[Record excerpts]
++++++++++++++++++++
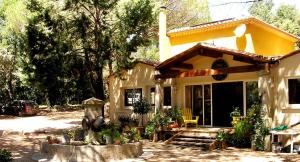 ヴェール・ポン・デュ・ガルにあるLe Mazet des Cigalesの小黄色の家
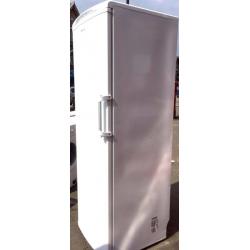 **++**HOTPOINT TALL FREEZER INCLUDES 6 MONTHS GUARANTEE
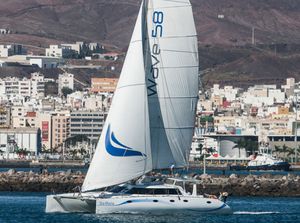 catamarano / da crociera / con deck saloon / con 6 cabine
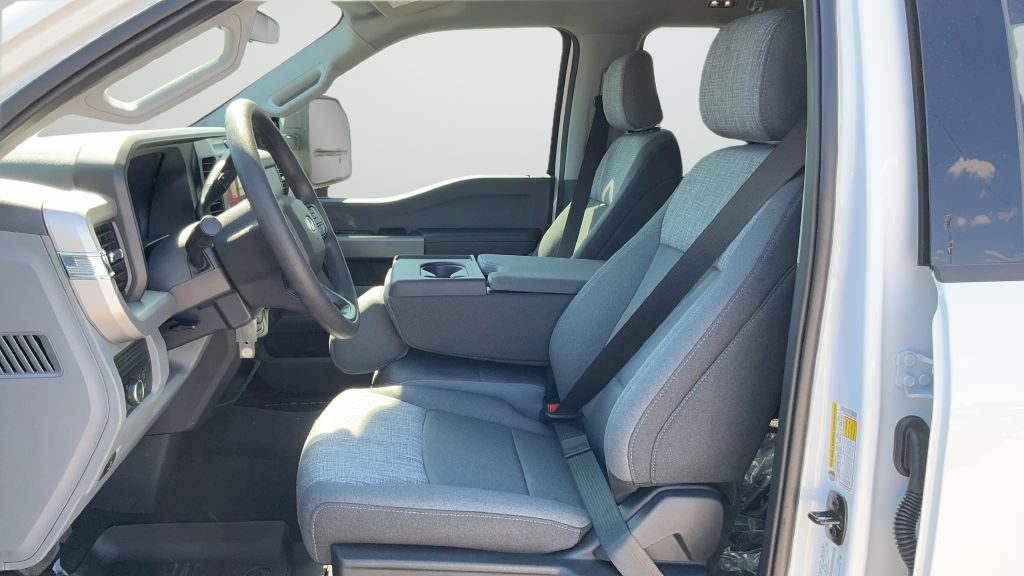 New 2026 Oxford White Ford XLT image 17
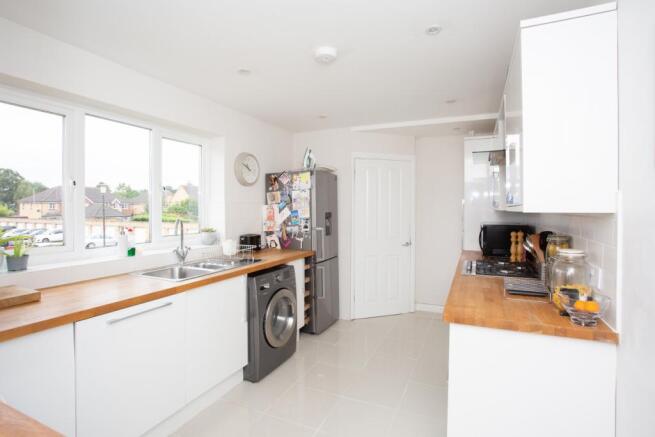 Kitchen/Breakfast Ro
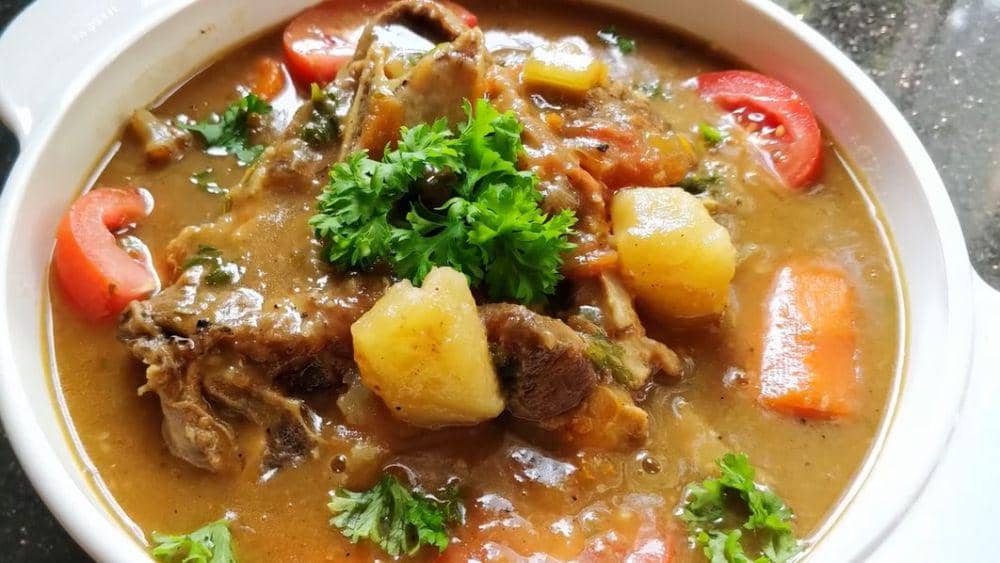 potret stew kambing (youtube.com/Nasser’s Kitchen)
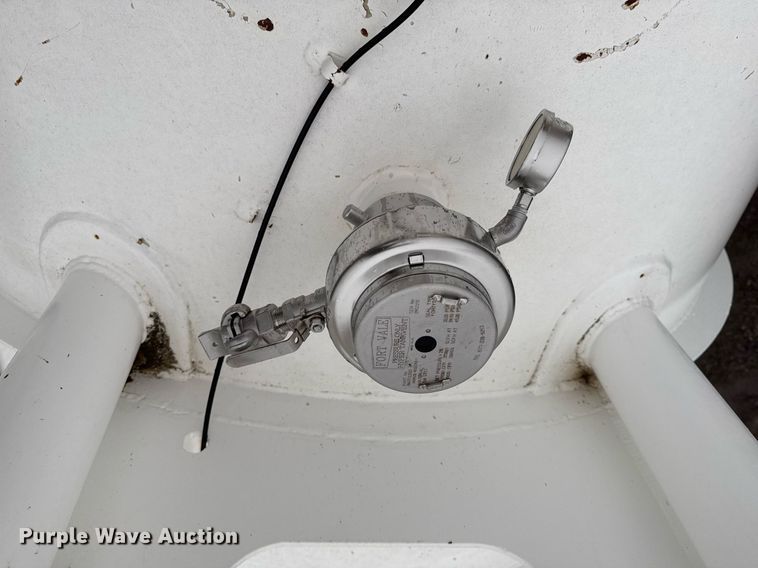 image for item EG2431 2007 Kenworth T800 vacuum truck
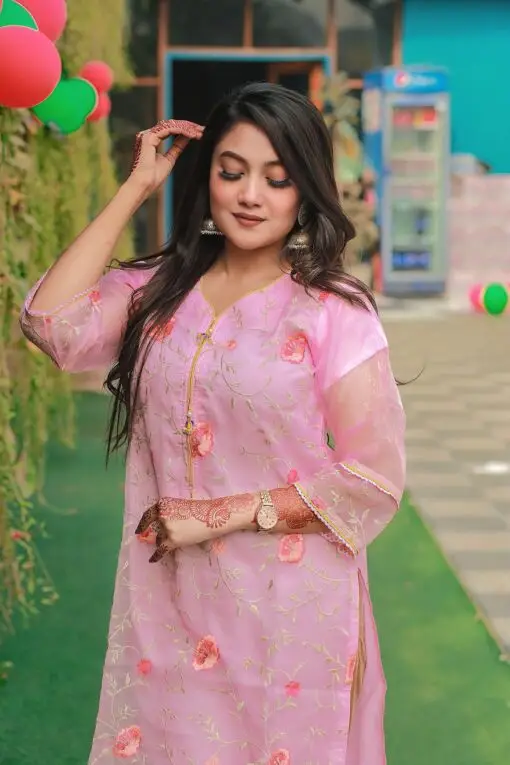 Adans Libas Oranza Embroidery Kurti - Pink - Image 3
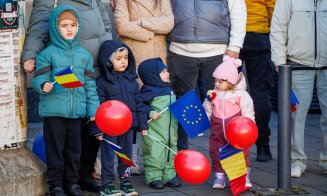 1 Decembrie 2024: Autoritățile au depus jerbe și flori în Piața Mihai Viteazul din Cluj-Napoca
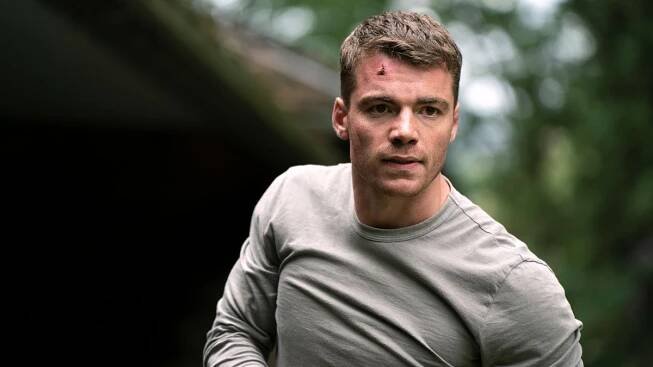 The Night Agent's Gabriel Basso Wants Peter Sutherland to Die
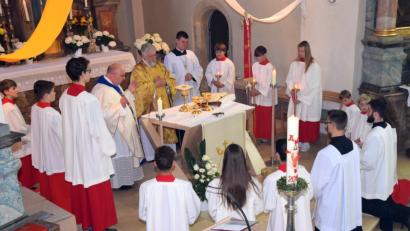 Bild: no
In festlicher Atmosphäre feierte Hauptzelebrant Andreas Thiermeyer, gemeinsam mit dem Ortspfarrer Markus Priwratzky den Jubiläumsgottesdienst in der Pfarrkirche St.Vitus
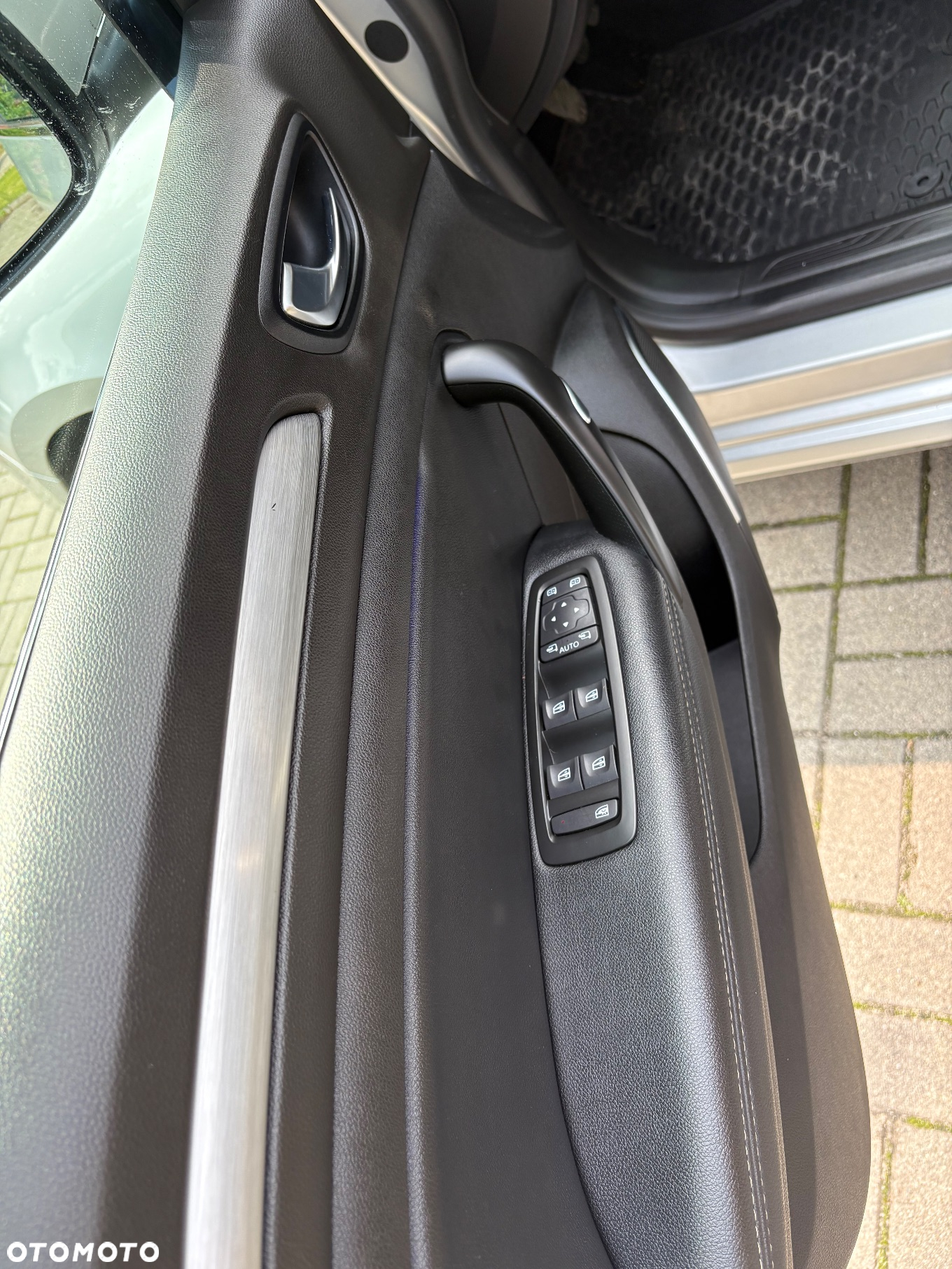 Renault Megane 1.3 TCe FAP Intens - 10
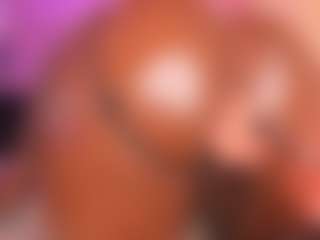 MiaaXXX's Live Sex Cam Show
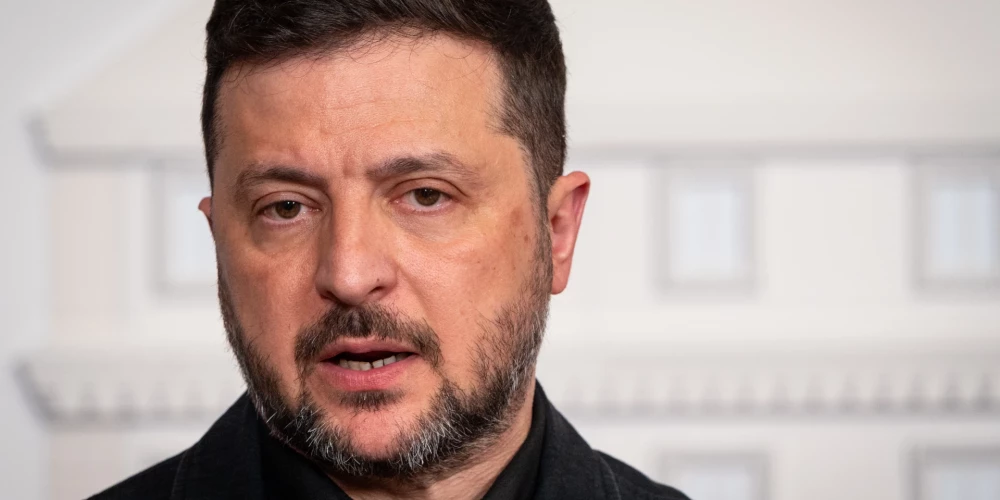 Zelenskis brīdinājis Abramoviču, ka Ukraina nav gatava atdot Donbasu Krievijai.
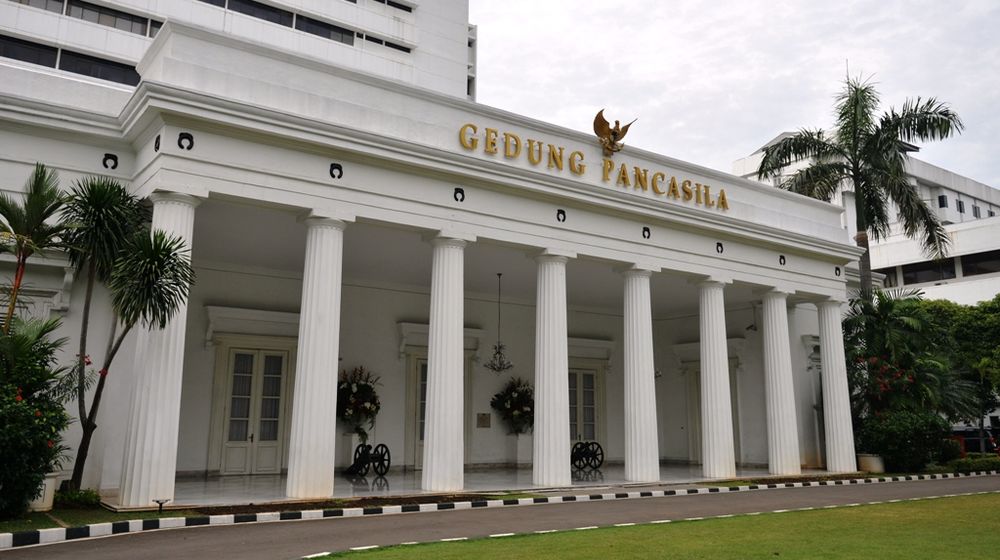<p>Gedung Pancasila Kementerian Luar Negeri (Sumber: https://kemlu.go.id/)</p>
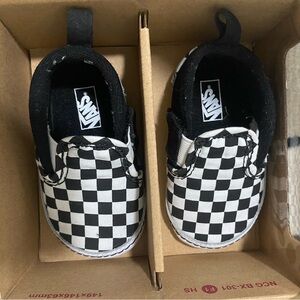 Infant Slip On V Crib Checker Shoe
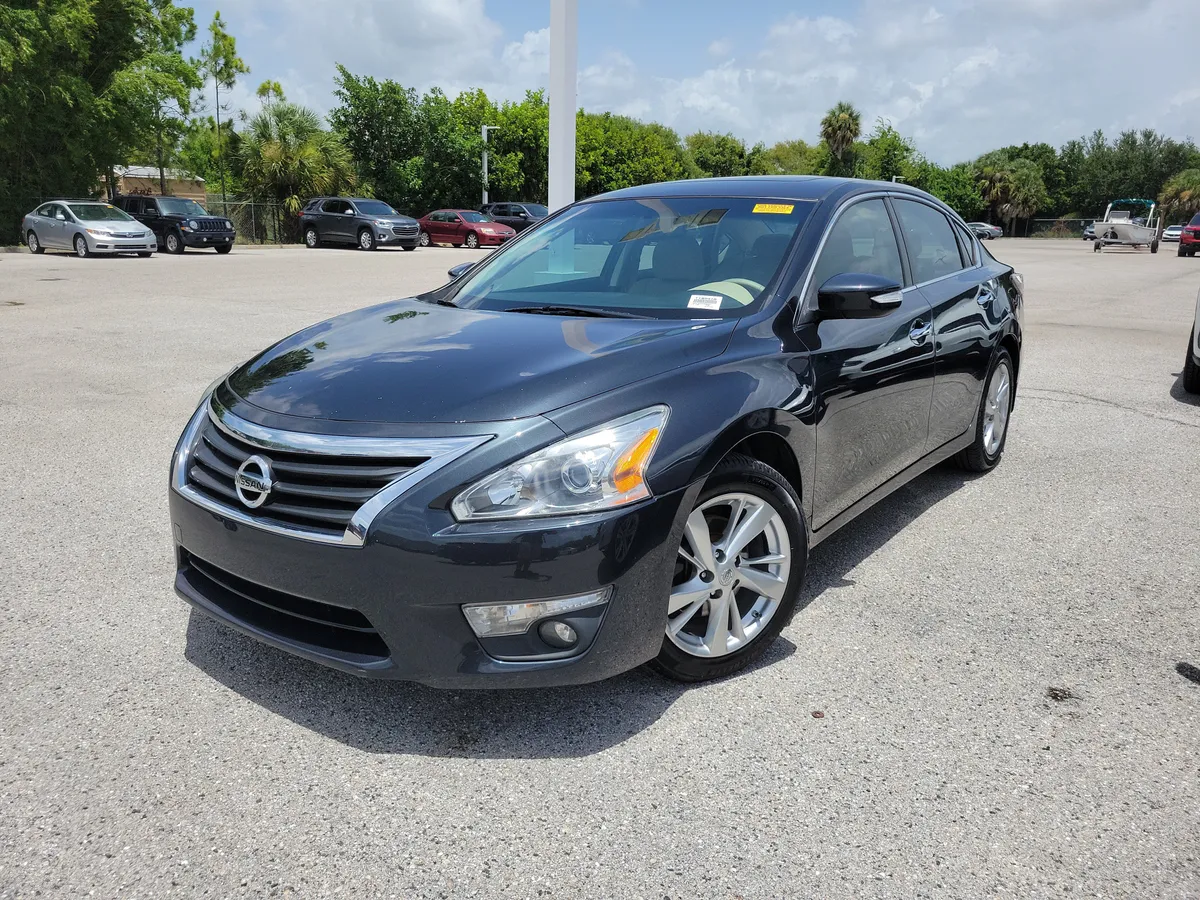 2015 Nissan Altima 2.5 SL thumbnail 4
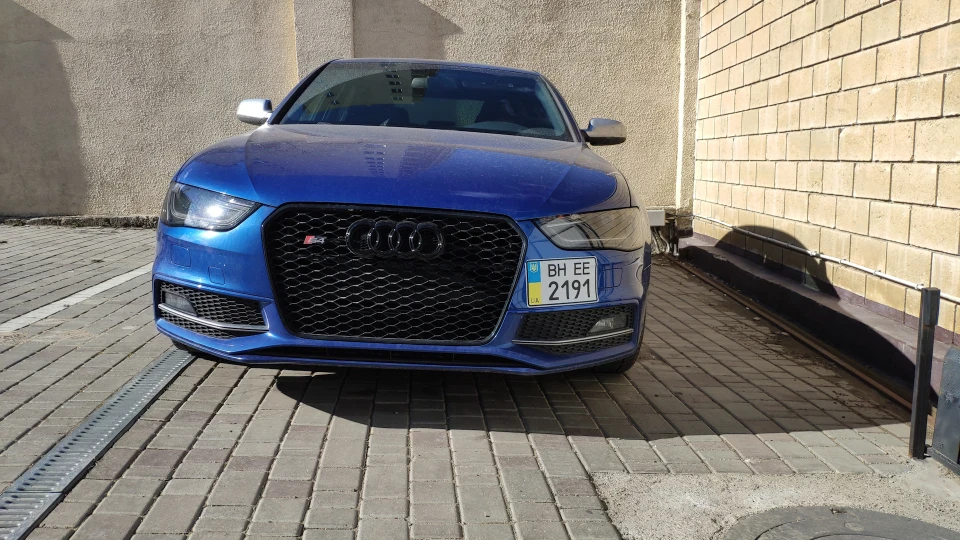 Audi S4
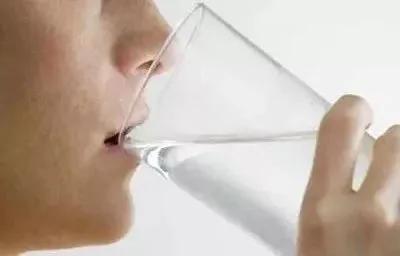 你还在这样喝水吗?一个重大疾病已经向你靠近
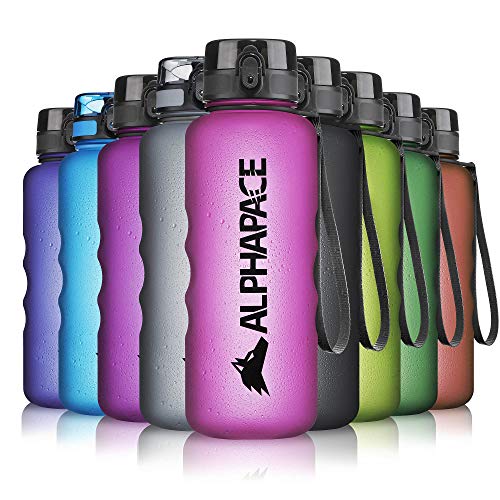 ALPHAPACE Trinkflasche, auslaufsichere 1.500 ml Wasserflasche, BPA-freie Flasche für Sport, Fahrrad & Outdooraktivitäten, Sportflasche mit Fruchteinsatz, in Pink von ALPHAPACE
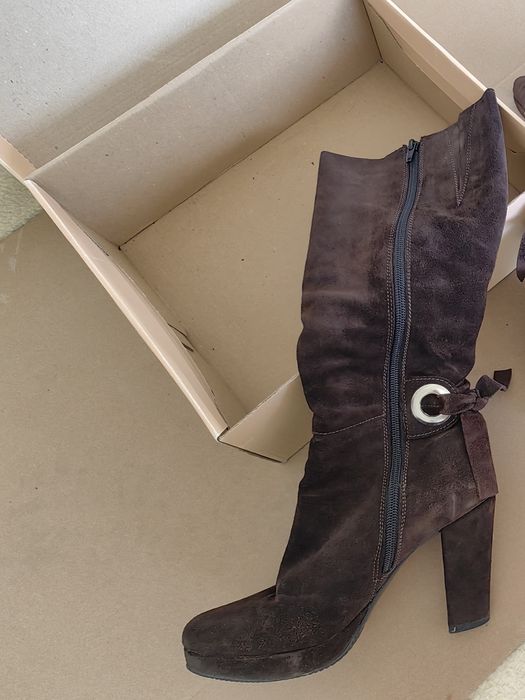 Cizme piele intoarsa, cu toc Nr. 37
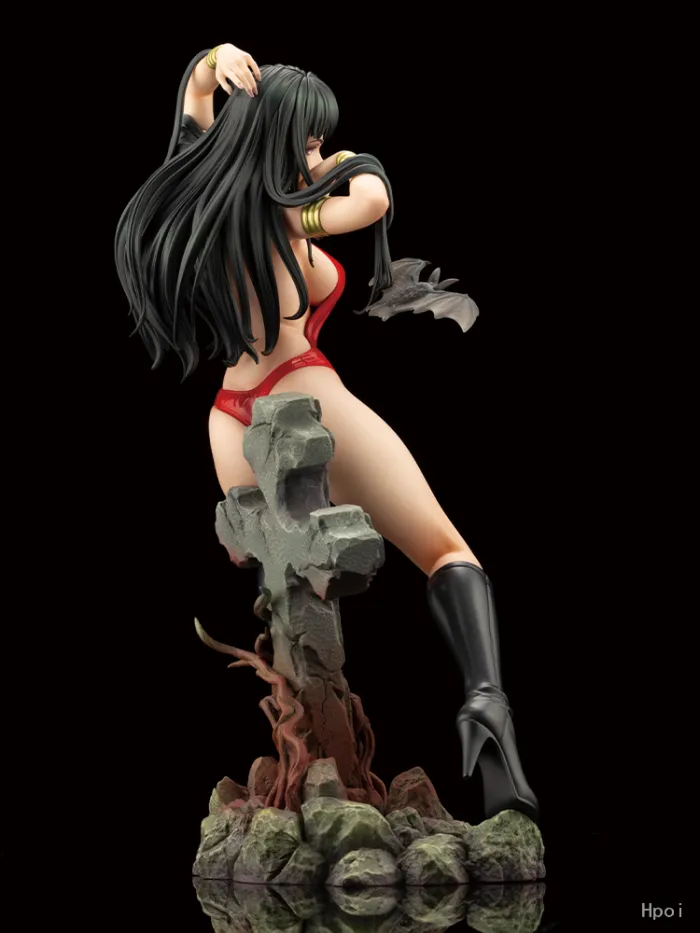 KOTOBUKIYA Vampirella – 1/7 Scale PVC Figure - Image 3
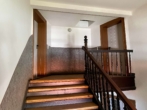 Treppe - 3 vermietete 4-Zimmerwiohnungen im Zentrum-Nord mit Balkon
++++++++++++++++++++
Leaving out all pictures, retype exactly the lines that run from the one containing "Cizme piele intoarsa, cu toc Nr. 37" through the last line of the material.

[Task result]
 Cizme piele intoarsa, cu toc Nr. 37
 KOTOBUKIYA Vampirella – 1/7 Scale PVC Figure - Image 3
 Treppe - 3 vermietete 4-Zimmerwiohnungen im Zentrum-Nord mit Balkon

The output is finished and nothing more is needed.